Home Prices on the Rise
Kaushik Mukerjee and Preeti Vasishtha faced stiff competition when they set out to buy a home last spring. The couple, who live in Northern Virginia and have an 8-year-old son, were looking for a home in a good school district, but they lost out to other bidders on two houses before their offer on a townhouse stuck. "In one case we competed against 10 other offers, and the home sold for $20,000 above list price," Mukerjee says. Ultimately, the couple paid $502,000--slightly above list price--for a 2,000-square-foot, three-bedroom townhouse in Burke, Va.
Kody Henderson, a 26-year-old first-time home buyer, also grappled with a hyperÂactive market when he looked for a home in the Seattle area. He struck out on three before he snagged a three-bedroom single-family house for $465,000 in Burien, Wash., last November. "I kept getting beat by cash offers that were usually above list price," says Henderson. "It was frustrating."
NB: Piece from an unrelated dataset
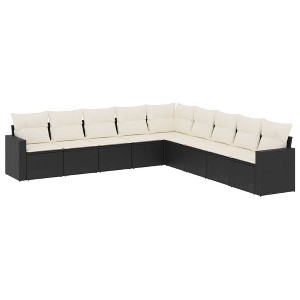 vidaXL 9 Piece Patio Sofa Set with Cushions Black and Cream Poly Rattan - Without Table - 1 of 4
More buyers are looking for a home than at any time since 2013. Skylar Olsen, Zillow's director of economic research, says demand for homes has increased over the past five years as a result of strong economic growth as well as low mortgage rates and more millennials entering their thirties and "approaching peak home buying ages." (According to a recent report from the National Association of Realtors, the median age of first-time home buyers is 33.)